# Introduction

The goal is to introduce logistic regression in R by solving the Kaggle Titanic Survivor competition.

Don’t expect a great score. There’s a lot more to learn but this blog will take you from zero to submission.

``````library(tidyverse) # A lot of magic in here
library(GGally)``````

``train <- read_csv("../input/train.csv")``
``test <- read_csv("../input/test.csv")``
# Remove a few columns to simplify

``````train <- select(train, -c("Name", "Ticket", "Cabin", "Embarked", "Fare")) # Tidyverse
test <- select(test, -c("Name", "Ticket", "Cabin", "Embarked", "Fare")) # Tidyverse``````

# Convert Survived and Sex to Factors

Categorical variables are converted to factors in R.

In our data, sex is only one of 2 values (‘Male’, ‘Female’), so we treat it differently. They are categories.

Survived is only 1 or 0, so we also treat it differently. It’s also a category variable.

Ignore the details for now. We’re only learning enough to get us to the first submission.
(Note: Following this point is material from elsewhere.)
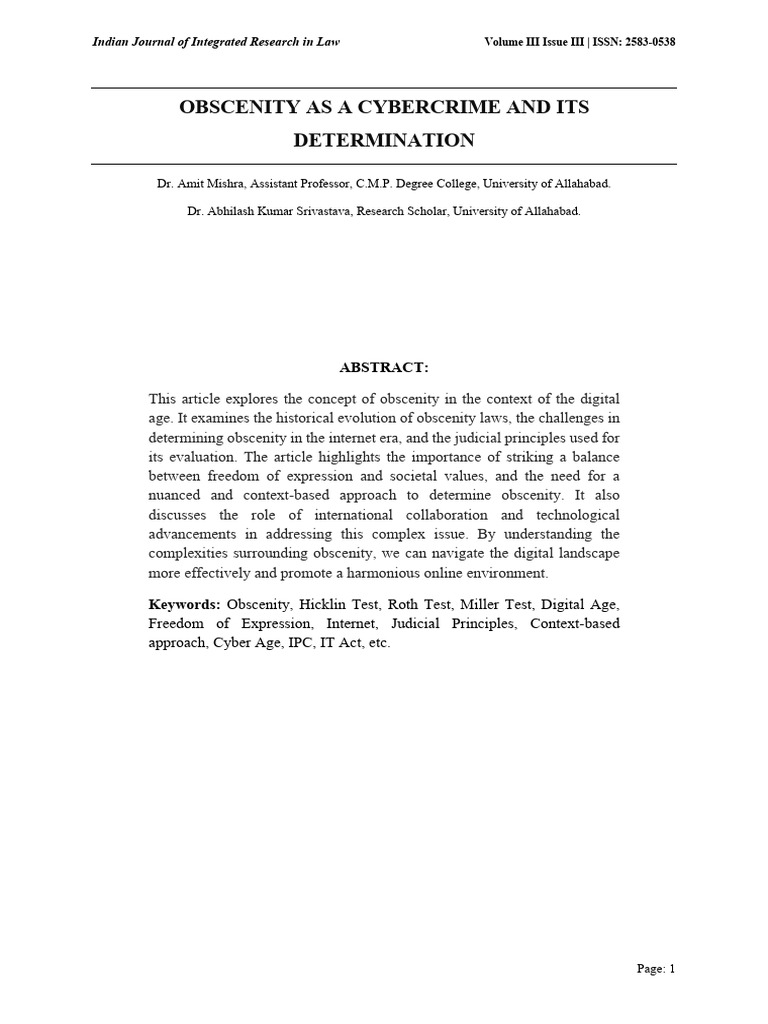 Obscenity in Cybercrime: Legal Insights | PDF | Miller V. California ...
``````train\$Survived <- as_factor(train\$Survived) # Only provided in training data
#contrasts(train\$Survived)
table(train\$Survived)``````
``````##
##   0   1
## 549 342``````

## Convert Sex to Factor

``table(train\$Sex)``
``````##
## female   male
##    314    577``````
``````train\$Sex <- as_factor(train\$Sex)
test\$Sex <- as_factor(test\$Sex)

contrasts(train\$Sex)``````
``````##        female
## male        0
## female      1``````
``table(train\$Survived)``
``````##
##   0   1
## 549 342``````
``table(train\$Sex)``
``````##
##   male female
##    577    314``````

# Handle Missing Data

## Skim Train

Using the skim() function, we can see that the only missing data is Age, where 177 ages are missing in the training data.

``````library(skimr)
skim(train)``````
 Name train Number of rows 891 Number of columns 7 _______________________ Column type frequency: factor 2 numeric 5 ________________________ Group variables None

Variable type: factor

skim_variable n_missing complete_rate ordered n_unique top_counts
Survived 0 1 FALSE 2 0: 549, 1: 342
Sex 0 1 FALSE 2 mal: 577, fem: 314

Variable type: numeric

skim_variable n_missing complete_rate mean sd p0 p25 p50 p75 p100 hist
PassengerId 0 1.0 446.00 257.35 1.00 223.50 446 668.5 891 ▇▇▇▇▇
Pclass 0 1.0 2.31 0.84 1.00 2.00 3 3.0 3 ▃▁▃▁▇
Age 177 0.8 29.70 14.53 0.42 20.12 28 38.0 80 ▂▇▅▂▁
SibSp 0 1.0 0.52 1.10 0.00 0.00 0 1.0 8 ▇▁▁▁▁
Parch 0 1.0 0.38 0.81 0.00 0.00 0 0.0 6 ▇▁▁▁▁

## Skim Test

In the test data, we are missing 86 ages. We will also replace those with the average.

``skim(test)``
 Name test Number of rows 418 Number of columns 6 _______________________ Column type frequency: factor 1 numeric 5 ________________________ Group variables None

Variable type: factor

skim_variable n_missing complete_rate ordered n_unique top_counts
Sex 0 1 FALSE 2 mal: 266, fem: 152

Variable type: numeric

skim_variable n_missing complete_rate mean sd p0 p25 p50 p75 p100 hist
PassengerId 0 1.00 1100.50 120.81 892.00 996.25 1100.5 1204.75 1309 ▇▇▇▇▇
Pclass 0 1.00 2.27 0.84 1.00 1.00 3.0 3.00 3 ▃▁▃▁▇
Age 86 0.79 30.27 14.18 0.17 21.00 27.0 39.00 76 ▂▇▃▂▁
SibSp 0 1.00 0.45 0.90 0.00 0.00 0.0 1.00 8 ▇▁▁▁▁
Parch 0 1.00 0.39 0.98 0.00 0.00 0.0 0.00 9 ▇▁▁▁▁

Combine train and test data

``df = bind_rows(train, test)``

# Get Average Age

``````avg_age <-  mean(df\$Age, na.rm=TRUE)
avg_age``````
``##  29.88114``
``sum(is.na(train\$Age))``
``##  177``

# Replace Missing Ages with the Mean

``````#train[is.na(train\$Age)] <-  avg_age
#train %>% replace_na(avg_age)
#replace_na(train, list(Age=avg_age))
train[is.na(train\$Age), "Age"] <- avg_age
test[is.na(test\$Age), "Age"] <- avg_age``````

# Verify Age was set

We should now get zero rows with na.

``sum(is.na(train\$Age))``
``##  0``

# Correlation Plot

We won’t look at this now, but a correlation pairs plot can be useful when investigating if data is related.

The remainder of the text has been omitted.